_What you are asked to do_:
Print every line of the listing below, starting with the line that holds "Wie man lernt, Skizze" and going on through the line that holds "bis Gaming-Stuhl Gamer", both included, and print nothing else.

━━━ Records supplied ━━━

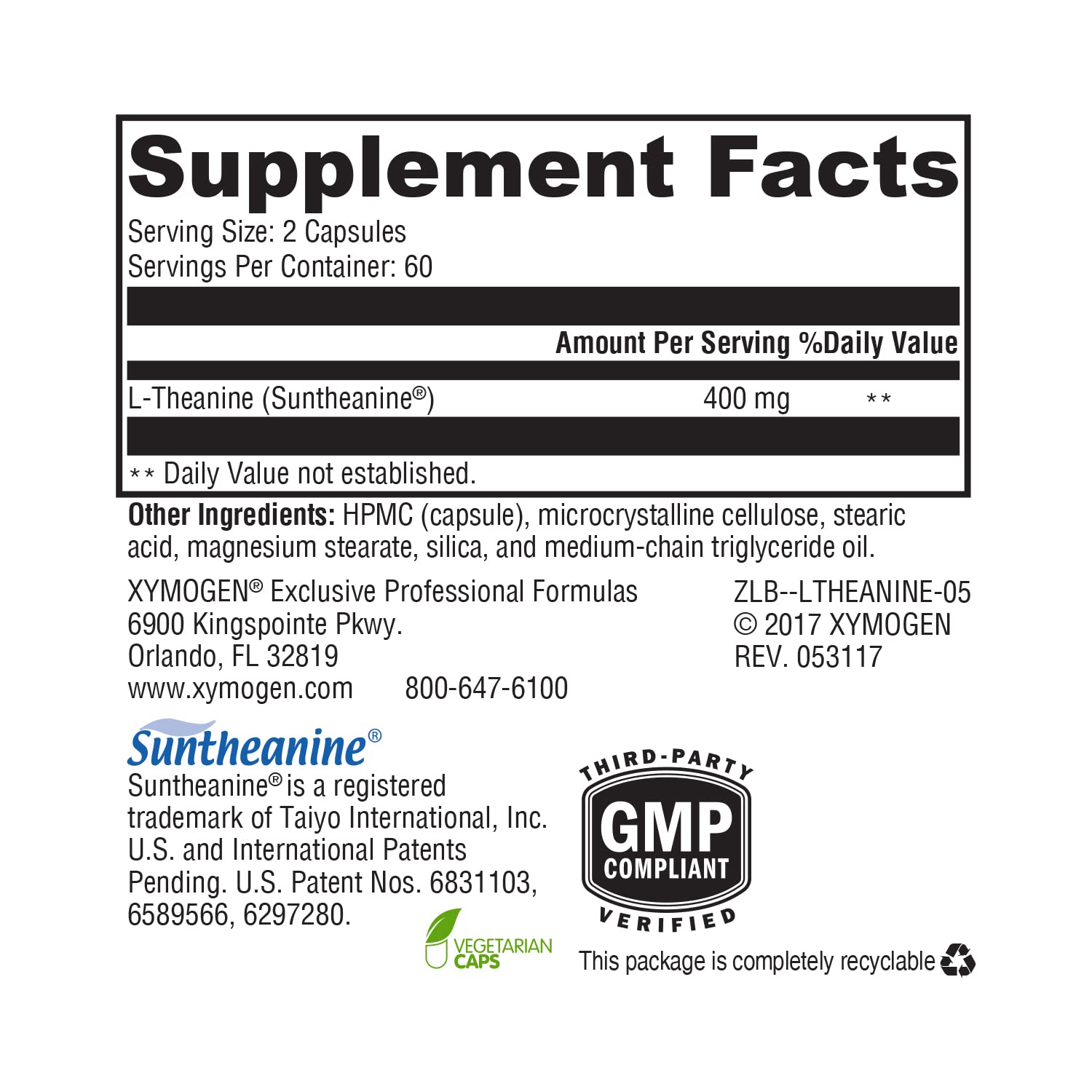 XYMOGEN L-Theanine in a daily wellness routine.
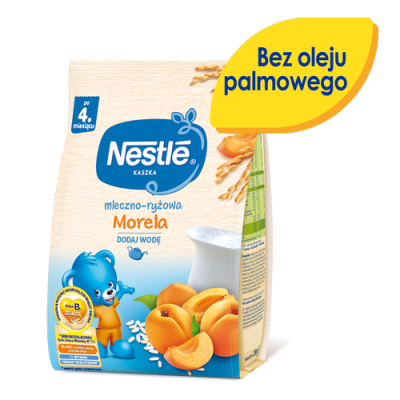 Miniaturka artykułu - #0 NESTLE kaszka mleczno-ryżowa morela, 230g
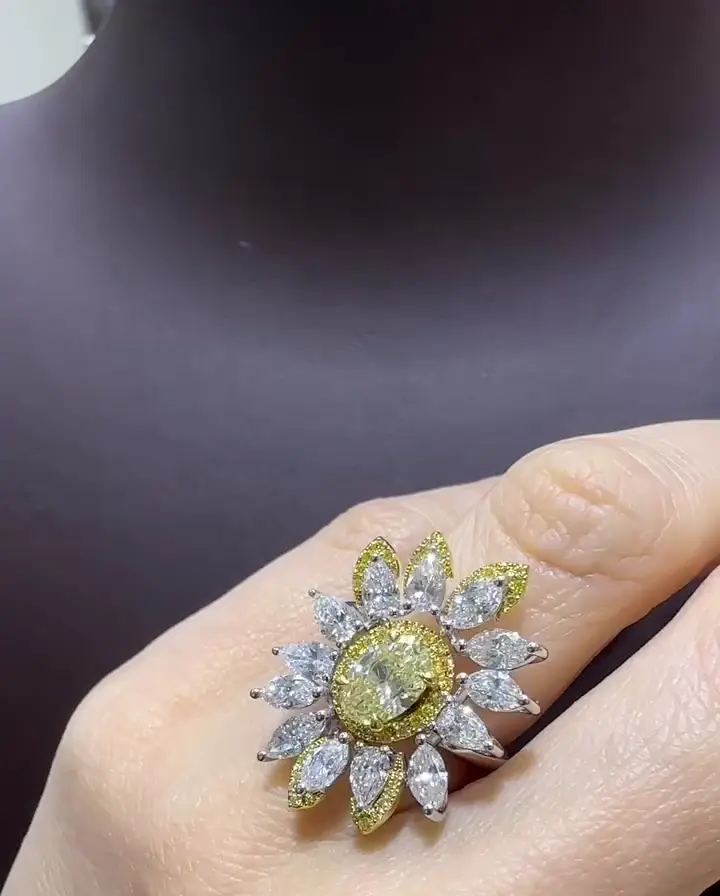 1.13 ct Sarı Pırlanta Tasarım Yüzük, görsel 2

━━━
━━━ Records supplied ━━━

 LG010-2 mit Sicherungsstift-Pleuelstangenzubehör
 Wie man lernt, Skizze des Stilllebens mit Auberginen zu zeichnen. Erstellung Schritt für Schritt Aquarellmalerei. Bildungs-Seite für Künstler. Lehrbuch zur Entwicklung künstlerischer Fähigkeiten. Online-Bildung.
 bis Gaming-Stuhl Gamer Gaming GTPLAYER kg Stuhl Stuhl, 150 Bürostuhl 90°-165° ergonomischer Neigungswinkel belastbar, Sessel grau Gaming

━━━

_Finished task_:
 Wie man lernt, Skizze des Stilllebens mit Auberginen zu zeichnen. Erstellung Schritt für Schritt Aquarellmalerei. Bildungs-Seite für Künstler. Lehrbuch zur Entwicklung künstlerischer Fähigkeiten. Online-Bildung.
 bis Gaming-Stuhl Gamer Gaming GTPLAYER kg Stuhl Stuhl, 150 Bürostuhl 90°-165° ergonomischer Neigungswinkel belastbar, Sessel grau Gaming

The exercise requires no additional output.